Even Lena Headey, who gives a very convincing depiction of rage, can’t overcome the script’s lack of an explanation of why she’s there and what exactly she has to do with everything except being an obstacle because the plot demands it.
Headey and Caine lend the film a certain gravitas it otherwise doesn’t really deserve. There’s certainly none of the concern with crushing, systemic poverty and the social class disparities contained in the source material. Oliver and the other young thieves are dressed stylishly, are glowing with good health, and get to hang out in a clubhouse furnished with classic arcade games, jukeboxes, and foosball tables. The morality of their lifestyle isn’t questioned as much as it is explained away as a romantic Robin Hood kind of thing where Fagin plays Hood and the kiddos are his Merry Men.

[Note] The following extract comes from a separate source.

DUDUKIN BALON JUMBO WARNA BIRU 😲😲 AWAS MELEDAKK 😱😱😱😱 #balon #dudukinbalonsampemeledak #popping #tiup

Overall, the film is a rather lackluster adaptation of a classic that misses much of the original’s point. If you want to see young people executing artful feats of athleticism, dodge this flick and put on the Olympics.
Ride the Eagle
by George Wolf
Small casts working on limited sets with wide open spaces. We’ve seen plenty of these films lately, and we’ll see plenty more. Because even under pandemic rules, creators adjust and create.
Director/co-writer Trent O’Donnell and star/co-writer Jake Johnson adjusted to the tune of Ride the Eagle, a lightly sweet lesson in living your best life while you still can.

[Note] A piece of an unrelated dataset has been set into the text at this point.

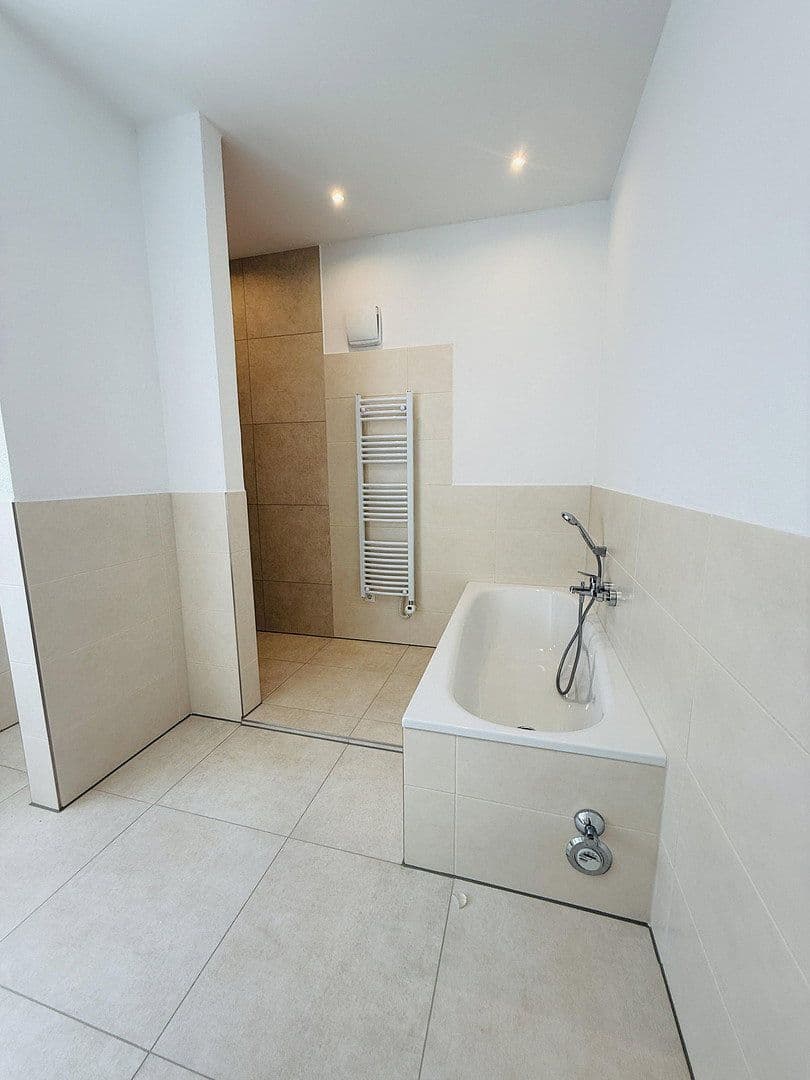 Pronájem bytu 2+1 119 m², Windsbach, Bavorsko Pronájem bytu 2+1 119 m², Windsbach, Bavorsko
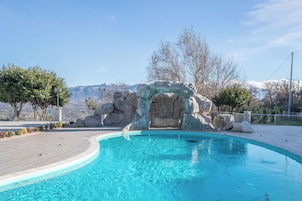 Una piscina al aire libre de temporada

Johnson is Leif, a harmless California stoner who plays bongos (oh, sorry, “percussion”) in a band called Restaurant. Leif’s been estranged from his mom Honey (Susan Sarandon, in a role that seems tailored to her) since she left to join a cult when he was 12.
But now, Honey’s dead, and she’s left behind a couple things especially for Leif. The first is her sweet mountain cabin up near Yosemite, which he can take possession of only if he pays close attention to the other thing Mom left.
It’s a VHS tape, filled with a to-do list that comprises Leif’s “conditional inheritance.”
“Is this legal?” Apparently, it is.
And luckily, Mom’s VHS player isn’t dead. So Leif dutifully goes about the tasks that Honey hopes will teach him things she regretfully did not: express yourself, eat what you kill, call the one that got away.
Sarandon’s on tape, and ex Audrey (a charmingly flirty D’Arcy Carden) is on phone and text, so this is nearly a Johnson one man show. Good thing he’s in his likable comfort zone, using his talks with dog Nora as an endearingly organic way to both inform and crack wise.
It’s all perfectly warm and amusing, but in need of precisely the jolt delivered by Oscar-winner J.K. Simmons as Carl, Honey’s ex-lover who’s not shy about detailing their love life.
“That’s probably not what her son wants to hear, I guess.”
No probably not, but we do. Simmons’s cameo punctures the bubble by putting two humans in the same room to reflect on the passing of another human. It’s funny and it’s fuzzy and it goes a long way toward making sure these ruminations on forgiveness and regret actually resonate.
The Honey do list isn’t preaching anything new, but Johnson and O’Donnell never pretend that it is. Ride the Eagle is a casual, come as you are and wherever you are affair, like some comfort food two guys thought was worth another serving during a worldwide crisis.
And they’re not wrong. Some golden rules are always worth a rewind, even on VHS.